Автор сего панегирика творцу "Ледокола Революции" явно позабыл указать, что "Ледокол" почему-то развернулся в другую сторону, и его создатель едва не погиб под ударами своего "чада". Неужели это говорит о предусмотрительности создателя?

Но главное здесь даже не в этом.

Прежде всего, запомним, что германский социализм был не просто социализмом, а национал-социализмом, т.е., попросту говоря, в нем большое значение имело, какой ты "нации" или "расы" – в отличие от, скажем, интернационал-социализма (коммунизма), царившего в Советском Союзе, где никому даже в мыслях не приходило отмечать, что вот-де Сталин по национальности "грузин" (или "осетин"), Молотов – "русский", а Тимошенко – "украинец".

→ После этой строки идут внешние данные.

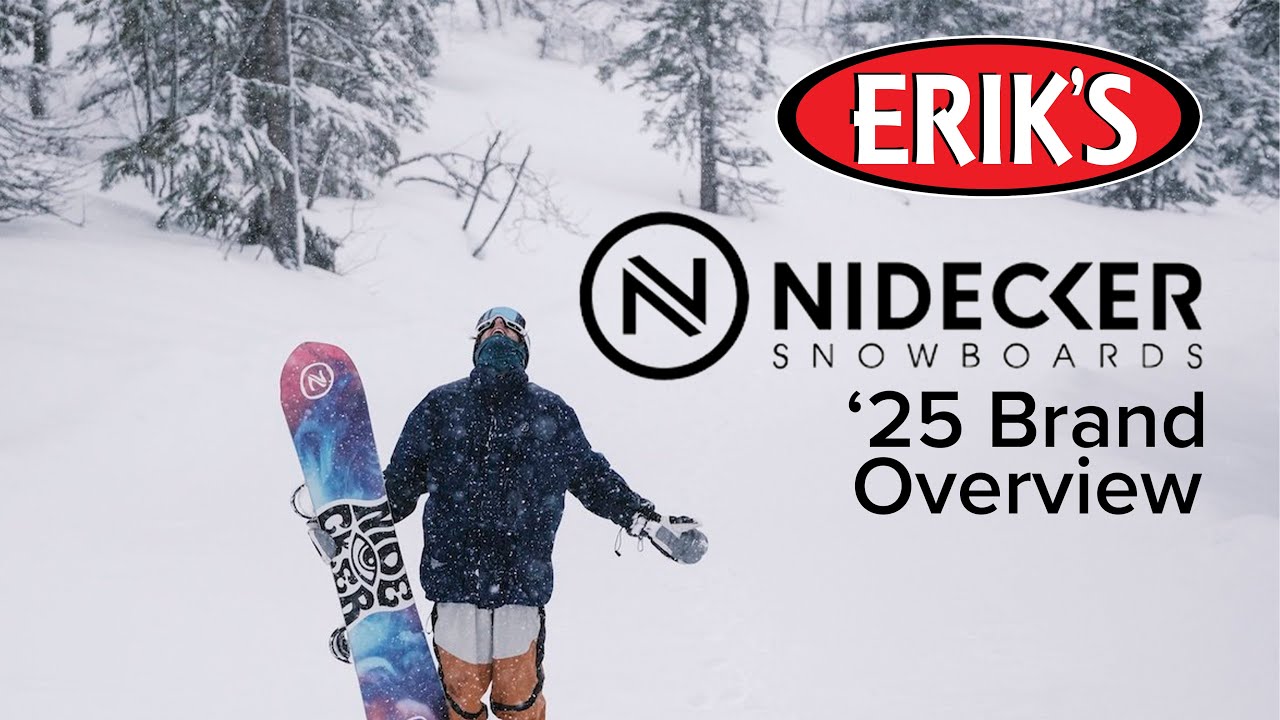 2025 Nidecker Brand Video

Раскроем книгу Раймонда Картье "Тайны войны (По материалам Нюрнбергского процесса)", и внимательно прочтем вот эти весьма красноречивые абзацы:

"Представление Гитлера о внешнем мире также находит отражение в документах Нюрнбергского процесса. Они показывают, как Гитлер расценивал и взвешивал своих партнеров и противников, с которыми ему приходилось считаться, и как в результате он учитывал свои шансы на успех.

Прежде всего у него было колоссальное представление о Германии. В силу своего характера, он подходил к каждой проблеме с военной точки зрения и в конечном итоге сводил все суждения и оценки к подсчету военной силы. И потому воинская доблесть германского народа была для него решающим фактором. “Мы, немцы, не только наиболее многочисленны (в Европе), но мы и качественно лучшие, — говорит он. — Каждый германский пехотинец лучше любого французского”." ("Предисловие автора")"

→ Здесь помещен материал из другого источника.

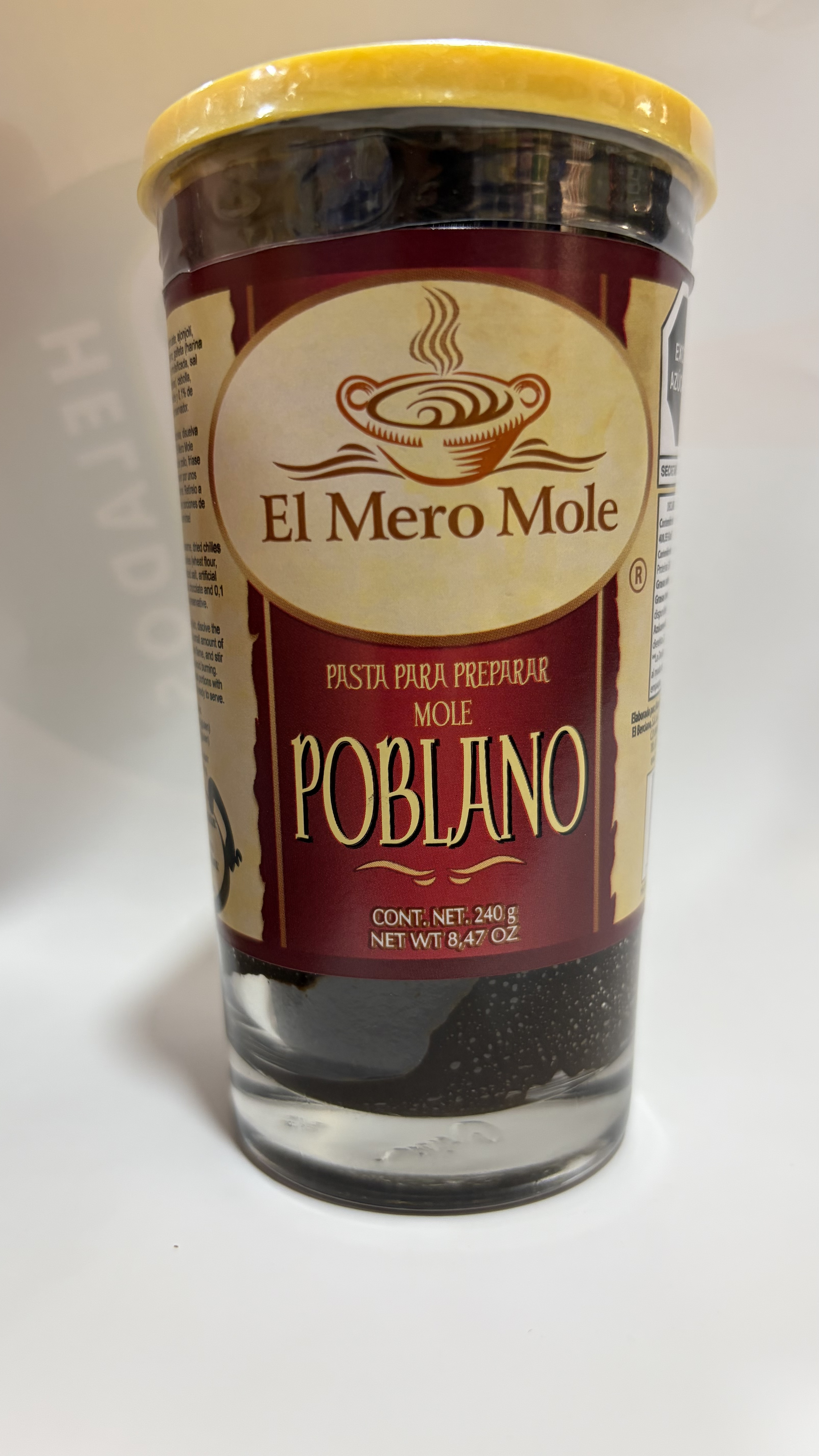Mole Poblano El Mero Mole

Ну чем не образец расистского бреда?

"Японии Гитлер не доверял: “Нельзя, — говорил он, — слишком полагаться на Японию. Надо остерегаться ее измены”. И при этом он был невысокого мнения о качестве японской армии. Он послал в Токио свои советы насчет осады Сингапура. “Император Японии, — добавлял Гитлер, — мягкое, безвольное существо, лишенное авторитета; он напоминает последнего русского царя, и его может ожидать та же участь”."

Вот действительно смешно. Даже школьникам известно из учебников, что Японией с давних времен правил не император, а выборный руководитель (сегун). Правда, уже в 19 веке институт сегунов был отменен, но это не означает, что страной стал править император: просто изменилась система выборной власти.

"Зато Гитлер переоценивал Италию. Мы увидим в дальнейшем, почему и каковы были, роковые для Германии, последствия этой ошибки.

Но он был далек от недооценки русской мощи. Наоборот. Громадность пространств и неисчерпаемость ресурсов России ему импонировали. “Главная опасность, — повторял он неоднократно, — заключается в колоссальной массе России”. Он отлично сознавал преимущества России в воздушной войне, благодаря дальности дистанций и рассеянности ее объектов. И он очень опасался массовых налетов русской авиации на скученные города и индустриальные центры Германии, прежде всего на Берлин и на румынские нефтяные промыслы.

“Если бы дело шло только о наземных армиях, то можно бы не бояться СССР, но при сильной авиации он представляет серьезную опасность”." (Id.)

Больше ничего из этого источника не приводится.